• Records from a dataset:
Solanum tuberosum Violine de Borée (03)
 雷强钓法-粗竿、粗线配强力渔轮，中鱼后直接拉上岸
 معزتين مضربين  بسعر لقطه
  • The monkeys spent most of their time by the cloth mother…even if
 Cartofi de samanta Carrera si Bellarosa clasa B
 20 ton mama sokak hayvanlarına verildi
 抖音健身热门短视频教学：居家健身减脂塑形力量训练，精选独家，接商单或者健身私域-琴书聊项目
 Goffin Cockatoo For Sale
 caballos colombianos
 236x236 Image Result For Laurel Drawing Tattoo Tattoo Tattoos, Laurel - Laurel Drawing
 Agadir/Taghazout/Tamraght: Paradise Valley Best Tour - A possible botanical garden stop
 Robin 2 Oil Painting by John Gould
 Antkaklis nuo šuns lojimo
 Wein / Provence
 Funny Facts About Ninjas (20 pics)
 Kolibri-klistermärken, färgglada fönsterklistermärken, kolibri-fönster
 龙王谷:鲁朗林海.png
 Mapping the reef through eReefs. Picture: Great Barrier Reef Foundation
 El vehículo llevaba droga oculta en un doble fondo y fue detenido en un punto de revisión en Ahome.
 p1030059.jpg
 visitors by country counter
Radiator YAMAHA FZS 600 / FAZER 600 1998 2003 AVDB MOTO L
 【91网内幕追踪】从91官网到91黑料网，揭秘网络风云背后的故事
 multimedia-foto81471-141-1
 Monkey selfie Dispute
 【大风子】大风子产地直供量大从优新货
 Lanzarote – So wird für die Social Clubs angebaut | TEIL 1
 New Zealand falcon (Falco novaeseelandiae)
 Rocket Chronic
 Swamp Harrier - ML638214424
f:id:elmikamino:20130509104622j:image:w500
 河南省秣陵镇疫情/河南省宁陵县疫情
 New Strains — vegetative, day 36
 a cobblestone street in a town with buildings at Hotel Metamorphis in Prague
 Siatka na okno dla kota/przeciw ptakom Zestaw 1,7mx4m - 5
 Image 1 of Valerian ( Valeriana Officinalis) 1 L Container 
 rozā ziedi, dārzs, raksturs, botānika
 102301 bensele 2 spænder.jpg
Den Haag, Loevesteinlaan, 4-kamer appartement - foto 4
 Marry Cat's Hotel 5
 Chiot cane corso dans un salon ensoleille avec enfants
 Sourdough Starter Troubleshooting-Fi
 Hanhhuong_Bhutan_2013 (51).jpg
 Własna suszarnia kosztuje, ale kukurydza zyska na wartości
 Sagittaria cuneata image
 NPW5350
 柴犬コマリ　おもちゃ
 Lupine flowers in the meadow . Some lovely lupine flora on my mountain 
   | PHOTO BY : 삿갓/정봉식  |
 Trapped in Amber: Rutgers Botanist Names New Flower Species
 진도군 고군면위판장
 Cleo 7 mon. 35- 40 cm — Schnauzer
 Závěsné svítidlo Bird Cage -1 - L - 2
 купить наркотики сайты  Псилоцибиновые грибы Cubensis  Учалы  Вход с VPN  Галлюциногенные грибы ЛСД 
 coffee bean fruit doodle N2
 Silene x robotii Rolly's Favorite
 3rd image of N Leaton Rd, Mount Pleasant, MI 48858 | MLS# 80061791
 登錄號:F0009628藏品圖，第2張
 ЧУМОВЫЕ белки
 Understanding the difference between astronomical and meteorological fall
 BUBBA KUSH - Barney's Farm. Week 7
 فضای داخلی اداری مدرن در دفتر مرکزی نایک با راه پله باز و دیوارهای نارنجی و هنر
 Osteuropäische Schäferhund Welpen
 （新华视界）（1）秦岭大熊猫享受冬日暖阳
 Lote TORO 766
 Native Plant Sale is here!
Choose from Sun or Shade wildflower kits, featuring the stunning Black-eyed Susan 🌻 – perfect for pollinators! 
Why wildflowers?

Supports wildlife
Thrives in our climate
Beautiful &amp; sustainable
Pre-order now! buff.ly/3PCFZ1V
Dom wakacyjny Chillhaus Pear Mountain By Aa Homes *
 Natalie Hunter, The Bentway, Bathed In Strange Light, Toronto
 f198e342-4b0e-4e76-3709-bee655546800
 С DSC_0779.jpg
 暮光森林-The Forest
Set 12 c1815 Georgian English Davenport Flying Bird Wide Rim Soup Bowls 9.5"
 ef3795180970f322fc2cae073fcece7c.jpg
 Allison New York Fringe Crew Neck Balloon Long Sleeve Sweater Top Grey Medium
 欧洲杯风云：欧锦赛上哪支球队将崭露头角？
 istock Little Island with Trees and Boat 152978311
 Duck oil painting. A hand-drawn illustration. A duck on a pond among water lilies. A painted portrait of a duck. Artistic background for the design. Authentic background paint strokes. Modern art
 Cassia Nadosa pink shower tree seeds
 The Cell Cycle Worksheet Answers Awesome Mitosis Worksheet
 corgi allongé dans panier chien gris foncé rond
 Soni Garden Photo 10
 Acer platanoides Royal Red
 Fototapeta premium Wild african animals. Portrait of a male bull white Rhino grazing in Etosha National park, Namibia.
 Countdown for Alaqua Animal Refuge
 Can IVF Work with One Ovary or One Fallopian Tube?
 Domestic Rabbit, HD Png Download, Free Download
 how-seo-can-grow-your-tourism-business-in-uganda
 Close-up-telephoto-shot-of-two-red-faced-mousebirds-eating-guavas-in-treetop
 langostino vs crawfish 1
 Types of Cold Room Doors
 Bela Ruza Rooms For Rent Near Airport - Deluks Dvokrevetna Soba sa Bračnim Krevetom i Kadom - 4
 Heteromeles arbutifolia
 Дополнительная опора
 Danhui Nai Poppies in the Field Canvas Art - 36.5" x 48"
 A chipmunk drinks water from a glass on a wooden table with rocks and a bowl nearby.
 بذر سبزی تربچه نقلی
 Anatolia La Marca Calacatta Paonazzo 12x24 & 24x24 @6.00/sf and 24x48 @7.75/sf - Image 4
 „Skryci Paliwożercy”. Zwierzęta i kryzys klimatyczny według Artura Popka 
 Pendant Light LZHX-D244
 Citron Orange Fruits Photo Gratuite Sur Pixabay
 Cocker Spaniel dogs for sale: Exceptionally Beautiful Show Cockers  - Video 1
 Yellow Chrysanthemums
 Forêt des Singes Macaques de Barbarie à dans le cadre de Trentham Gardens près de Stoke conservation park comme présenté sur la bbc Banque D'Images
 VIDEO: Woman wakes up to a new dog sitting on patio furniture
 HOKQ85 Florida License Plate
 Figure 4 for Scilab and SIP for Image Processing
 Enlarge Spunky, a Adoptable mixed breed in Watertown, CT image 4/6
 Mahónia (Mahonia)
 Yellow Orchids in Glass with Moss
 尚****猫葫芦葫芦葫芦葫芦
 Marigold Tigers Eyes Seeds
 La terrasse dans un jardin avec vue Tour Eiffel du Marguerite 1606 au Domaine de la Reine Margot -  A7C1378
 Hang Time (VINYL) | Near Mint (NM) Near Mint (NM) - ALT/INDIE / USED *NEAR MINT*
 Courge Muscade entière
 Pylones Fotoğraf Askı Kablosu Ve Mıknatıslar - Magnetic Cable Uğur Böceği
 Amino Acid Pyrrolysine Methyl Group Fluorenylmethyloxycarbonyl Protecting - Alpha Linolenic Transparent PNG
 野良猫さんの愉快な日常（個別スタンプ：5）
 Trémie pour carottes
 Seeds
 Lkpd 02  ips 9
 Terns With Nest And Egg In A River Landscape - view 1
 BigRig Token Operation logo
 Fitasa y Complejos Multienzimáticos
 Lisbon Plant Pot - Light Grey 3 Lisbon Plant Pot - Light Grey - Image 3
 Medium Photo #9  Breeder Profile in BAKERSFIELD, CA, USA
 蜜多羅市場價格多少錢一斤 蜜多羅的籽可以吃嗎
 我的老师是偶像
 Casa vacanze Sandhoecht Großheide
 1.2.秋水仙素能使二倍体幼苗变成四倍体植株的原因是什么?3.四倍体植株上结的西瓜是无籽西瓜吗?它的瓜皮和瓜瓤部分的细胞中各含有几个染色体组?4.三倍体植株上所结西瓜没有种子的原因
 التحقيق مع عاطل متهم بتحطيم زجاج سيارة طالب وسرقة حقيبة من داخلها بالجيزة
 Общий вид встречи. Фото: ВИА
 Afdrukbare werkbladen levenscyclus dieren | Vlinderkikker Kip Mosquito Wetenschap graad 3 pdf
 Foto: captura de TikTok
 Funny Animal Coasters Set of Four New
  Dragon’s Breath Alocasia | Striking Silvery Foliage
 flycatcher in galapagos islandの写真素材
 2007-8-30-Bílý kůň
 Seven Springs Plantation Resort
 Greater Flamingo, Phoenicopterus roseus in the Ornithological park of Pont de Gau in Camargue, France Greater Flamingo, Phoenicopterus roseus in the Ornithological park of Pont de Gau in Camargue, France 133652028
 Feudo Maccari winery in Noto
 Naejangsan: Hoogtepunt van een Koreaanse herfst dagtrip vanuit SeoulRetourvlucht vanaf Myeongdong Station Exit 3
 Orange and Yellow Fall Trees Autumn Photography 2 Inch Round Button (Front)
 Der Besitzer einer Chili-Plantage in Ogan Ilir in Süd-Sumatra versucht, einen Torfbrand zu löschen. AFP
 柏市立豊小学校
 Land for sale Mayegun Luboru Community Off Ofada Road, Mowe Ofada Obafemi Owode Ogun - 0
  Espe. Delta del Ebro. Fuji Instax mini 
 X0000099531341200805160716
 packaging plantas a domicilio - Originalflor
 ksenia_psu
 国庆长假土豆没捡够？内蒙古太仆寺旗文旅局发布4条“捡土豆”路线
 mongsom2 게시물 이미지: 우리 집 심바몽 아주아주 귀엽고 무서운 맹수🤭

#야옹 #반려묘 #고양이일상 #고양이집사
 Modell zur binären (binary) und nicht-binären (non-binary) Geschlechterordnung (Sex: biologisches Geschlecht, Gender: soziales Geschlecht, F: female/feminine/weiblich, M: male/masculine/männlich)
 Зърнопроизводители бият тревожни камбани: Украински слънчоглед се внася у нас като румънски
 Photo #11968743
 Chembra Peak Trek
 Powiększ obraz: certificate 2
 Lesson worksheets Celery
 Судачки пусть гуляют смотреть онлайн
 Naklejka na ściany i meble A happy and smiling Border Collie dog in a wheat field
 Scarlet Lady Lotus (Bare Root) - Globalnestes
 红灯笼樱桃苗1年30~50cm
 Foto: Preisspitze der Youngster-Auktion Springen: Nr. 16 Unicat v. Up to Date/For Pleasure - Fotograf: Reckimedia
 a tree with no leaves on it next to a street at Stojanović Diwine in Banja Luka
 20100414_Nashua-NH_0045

• What you have to do: Among the lines of the data above, some may hold the word "Trees"; report how many, as a single number.

• Response: 2